On appeal, however, the Supreme Court concluded that the language of CR 8.01(2) is mandatory and gave a trial court no discretion other than to follow its requirements7. “By omitting an amount for any damage claim other then her medical expenses incurred to date, [the plaintiff] effectively stated that her claim for unliquidated damages was nothing. Thus, under [CR 8.01(2)], Fratzke’s claim for unliquidated damages at trial could not exceed $0.00.”8

Last minute updates to answers to interrogatories are not acceptable. After defense counsel objected during opening argument to Fratzke’s claims for unliquidated damages not covered by her answers to interrogatories, plaintiff’s counsel filed supplemental answers with the court clerk on the last day of trial that detailed unliquidated damage claims. Since CR 26.05 imposes a duty upon a party to seasonably supplement a discovery request, the Court held that any attempt to supplement answers to interrogatories after a trial has commenced is not seasonable within the meaning of the rules.9

Avoiding A Fratzke
How can counsel avoid being Fratzked?
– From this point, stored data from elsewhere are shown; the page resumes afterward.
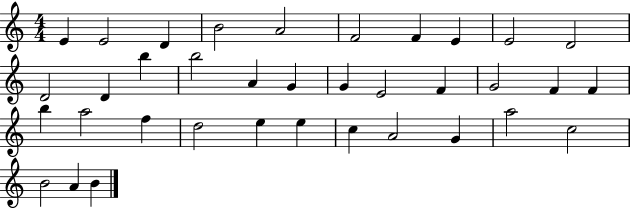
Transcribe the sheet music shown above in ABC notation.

X:1
T:Untitled
M:4/4
L:1/4
K:C
E E2 D B2 A2 F2 F E E2 D2 D2 D b b2 A G G E2 F G2 F F b a2 f d2 e e c A2 G a2 c2 B2 A B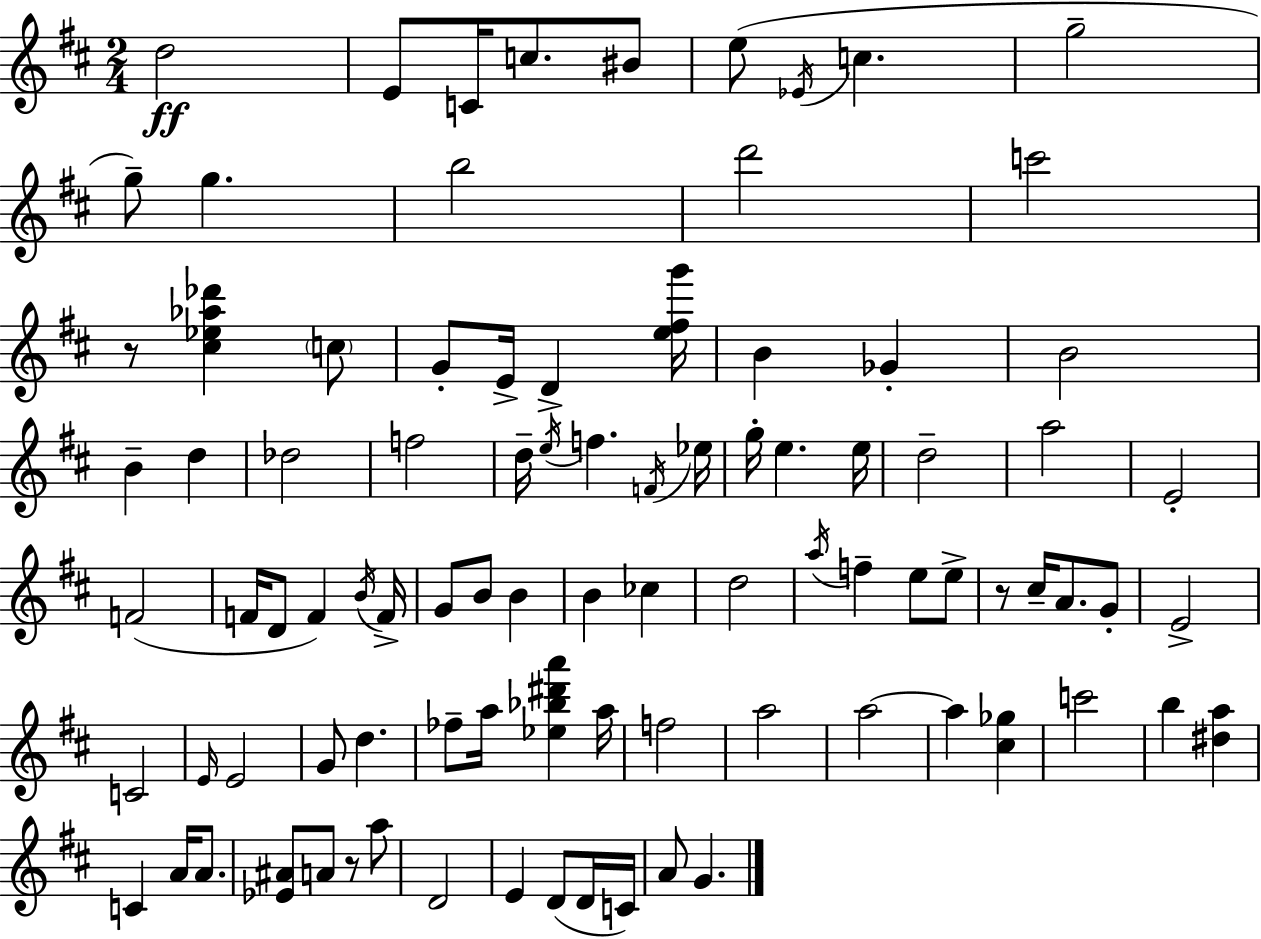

First, docket a personal injury case using either a computer system or a reliable manual system, just as in any other file in the office. The client should be contacted at a minimum at thirty-day intervals to obtain updated information about treatment, medical bills and lost wages. By keeping the file current, the client’s claim can be reevaluated periodically and the insurance company or defense counsel updated on recent developments.
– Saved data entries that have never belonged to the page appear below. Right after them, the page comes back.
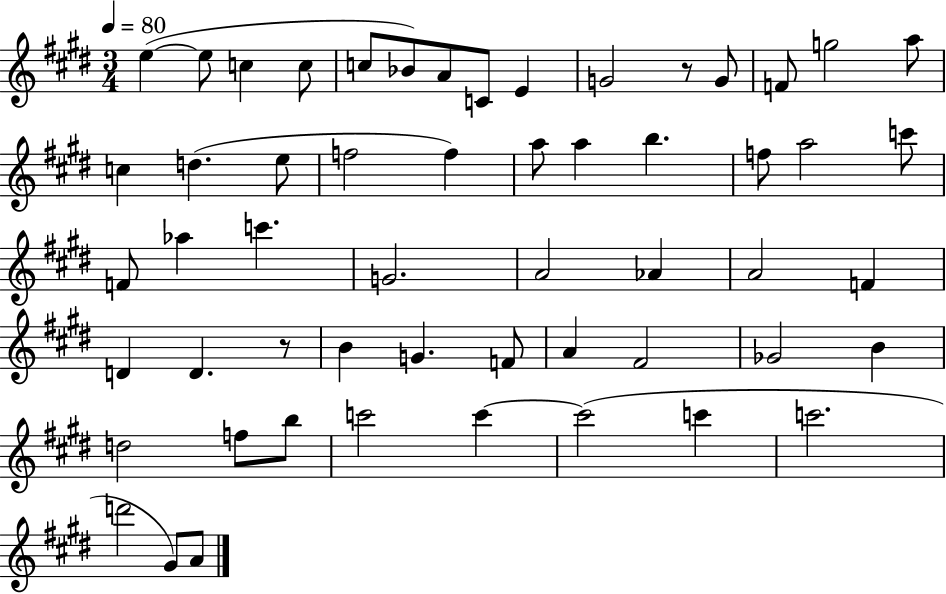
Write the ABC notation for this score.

X:1
T:Untitled
M:3/4
L:1/4
K:E
e e/2 c c/2 c/2 _B/2 A/2 C/2 E G2 z/2 G/2 F/2 g2 a/2 c d e/2 f2 f a/2 a b f/2 a2 c'/2 F/2 _a c' G2 A2 _A A2 F D D z/2 B G F/2 A ^F2 _G2 B d2 f/2 b/2 c'2 c' c'2 c' c'2 d'2 ^G/2 A/2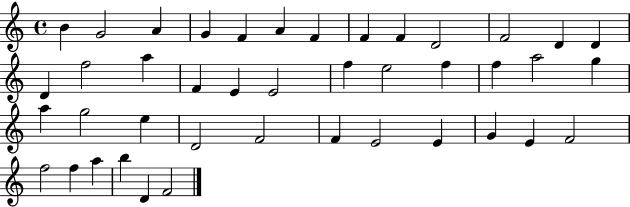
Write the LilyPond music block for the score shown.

{
  \clef treble
  \time 4/4
  \defaultTimeSignature
  \key c \major
  b'4 g'2 a'4 | g'4 f'4 a'4 f'4 | f'4 f'4 d'2 | f'2 d'4 d'4 | \break d'4 f''2 a''4 | f'4 e'4 e'2 | f''4 e''2 f''4 | f''4 a''2 g''4 | \break a''4 g''2 e''4 | d'2 f'2 | f'4 e'2 e'4 | g'4 e'4 f'2 | \break f''2 f''4 a''4 | b''4 d'4 f'2 | \bar "|."
}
Second, the response to CR 8.01(2) interrogatories should be immediate. The client must sign the answers to comply with the civil rules. Failing to answer the interrogatories or stating “unknown” or “to later be determined” only leaves a potential Fratzke hole to be exploited later. Pay careful attention to the listing of the type of damages claimed, even if defense counsel’s interrogatories are vague or fail to ask about a type of damage that you seek at trial. Failure to state in answers to interrogatories the intention to seek damages for future suffering, for example, can preclude recovery on that damage at trial.10

Third, when a motion to set the case for trial is filed triggering the trial judge’s scheduling order, an immediate review of the client’s file is necessary to advise the court of the status of the case. During this review ascertain compliance with CR 8.01(2). Answers to interrogatories should be amended as necessary to provide an updated itemization of damages and a current amount of each of those damage claims. Plaintiff’s counsel should consider that defense counsel in the opening statement could attempt to show the jury that the plaintiff’s answers to interrogatories on damages establish that the claimant is money hungry, greedy or exploiting the minimal injuries sustained. Beware of this risk and state the list of damages accurately and fairly in light of the evidence.
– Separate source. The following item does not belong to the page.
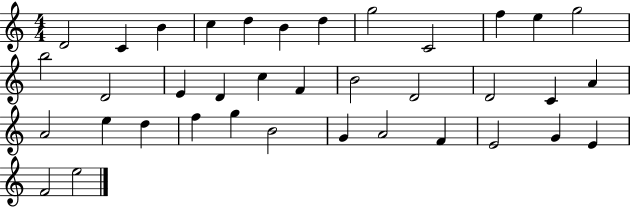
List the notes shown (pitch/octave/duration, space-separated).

D4/h C4/q B4/q C5/q D5/q B4/q D5/q G5/h C4/h F5/q E5/q G5/h B5/h D4/h E4/q D4/q C5/q F4/q B4/h D4/h D4/h C4/q A4/q A4/h E5/q D5/q F5/q G5/q B4/h G4/q A4/h F4/q E4/h G4/q E4/q F4/h E5/h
Fourth, the trial brief submitted to the court should outline the factual basis for each damage claim as well as supporting legal authority for the plaintiff’s entitlement to each stated claim. Reference the plaintiff’s most recently updated answers to interrogatories to show awareness of the Fratzke rule.

Finally, docket the plaintiff’s case not less than thirty days prior to the scheduled trial date for one last review of the answers to interrogatories. The courts require that answers to interrogatories be updated seasonably. The Supreme Court has explained that updating answers during the pendency of a trial is not seasonable. Counsel should anticipate the closer an update is to trial the more likely a finding that it is not seasonable.

With knowledge of the Fratzke decision, counsel will be aware of its pitfalls, and the reality that a client’s case will be dismissed at trial or reversed on appeal if there is a failure to comply with the mandatory provisions of CR 8.01(2). Recent reporters, however, indicate that plaintiffs are losing damage claims at an alarming rate because counsel still refuse to believe that the trial courts will enforce the rules. Strict adherence to the requirements of CR 8.01(2) assures plaintiff’s counsel that their clients will be afforded a day in court and that they will not face a malpractice claim for ignoring a critical rule of civil procedure.